According to the chief executive of the National Association of Commercial Finance Brokers (NACFB), Adam Tyler, the primary difference between a residential and commercial mortgage is the application process and also, there are no set rules with the commercial type. Every commercial mortgage application is different.
For owner-occupiers, it’s based on the ability of the company or business in that premises to meet the repayment schedule. If it’s a commercial investment property, then is based on the lender, risk, location, size, and complexity.
Regulation Is Another Primary Difference
Residential mortgages are given by building societies and banks to those who want to purchase or refinance their homes. This type of mortgage is regulated by the Financial Conduct Authority.
There is less regulation for commercial mortgages as they are deemed more of pure commercial transactions.
Another Key Difference Is Pricing
The pricing for residential mortgages is lower because of more their market is more competitive and the risk-weighting is lower for the lending institutions. According to Steve Olejnik, the sales director of the Sevenoaks-based intermediary Mortgages for Business states that commercial mortgages have higher pricing than their counterparts and are usually based on affordability and risk.
In addition, lenders need to set aside more capital since risk-weighting rules tend to be stricter. The finance term will depend on an array of factors such as lease terms on investment properties, affordability, and requirements for trading businesses.

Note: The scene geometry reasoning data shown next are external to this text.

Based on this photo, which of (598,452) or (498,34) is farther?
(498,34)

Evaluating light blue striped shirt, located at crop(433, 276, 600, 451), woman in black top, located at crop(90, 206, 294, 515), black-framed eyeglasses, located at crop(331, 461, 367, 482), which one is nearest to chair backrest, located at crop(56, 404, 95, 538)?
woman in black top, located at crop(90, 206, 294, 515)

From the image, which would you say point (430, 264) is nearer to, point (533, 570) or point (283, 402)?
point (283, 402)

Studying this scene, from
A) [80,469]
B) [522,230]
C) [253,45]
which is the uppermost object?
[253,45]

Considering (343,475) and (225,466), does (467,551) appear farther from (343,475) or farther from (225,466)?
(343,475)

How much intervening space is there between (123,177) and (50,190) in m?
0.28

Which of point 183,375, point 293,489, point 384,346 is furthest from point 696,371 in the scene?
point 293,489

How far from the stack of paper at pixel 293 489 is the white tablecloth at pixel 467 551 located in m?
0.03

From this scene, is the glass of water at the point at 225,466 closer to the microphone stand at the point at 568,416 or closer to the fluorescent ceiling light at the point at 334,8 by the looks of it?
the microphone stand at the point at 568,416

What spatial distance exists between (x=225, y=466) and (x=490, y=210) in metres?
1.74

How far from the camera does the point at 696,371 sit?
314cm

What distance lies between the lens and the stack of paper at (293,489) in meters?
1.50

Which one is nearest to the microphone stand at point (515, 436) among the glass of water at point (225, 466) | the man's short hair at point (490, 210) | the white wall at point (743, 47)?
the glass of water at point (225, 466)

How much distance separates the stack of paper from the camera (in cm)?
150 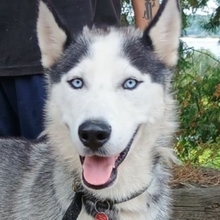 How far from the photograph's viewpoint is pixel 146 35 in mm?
3102

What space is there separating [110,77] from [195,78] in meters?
2.33

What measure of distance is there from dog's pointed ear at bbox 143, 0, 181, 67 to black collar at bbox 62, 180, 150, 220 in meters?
0.69

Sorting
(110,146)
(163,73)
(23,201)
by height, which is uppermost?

Apart from the varying property types, the lending criteria will differ between residential and commercial mortgages, and so does the application process, says Rob Lankey the managing director of commercial mortgages in Aldermore Bank.
Mr. Lankey says that commercial mortgages tend to be bigger and more complex. Also, more information will be needed for commercial mortgages compared to the residential types.
In addition, he states that this varies from lender to lender and so, advisers should ensure they’re aware of the specific requirements of the lending institution they approach. Generally, mortgage offers for bigger loans are bespoke and vary from applicant to applicant.
Negotiation and Options
If you’re not satisfied with what you’re being offered, you can make negotiations regarding the interest margins, fees, and in some cases, the security being offered. Additionally, payment terms tend to be more flexible compared to those offered on residential products. Lastly, interest rates are usually tracked against the Bank base rate or London Interbank rate or Libor. As such, it is important to ensure you comprehend the difference before shopping for your commercial or residential mortgage.
And there you have it, some of the key differences between residential and commercial mortgages. By understanding the differences, you will be in a better position to apply for what you need.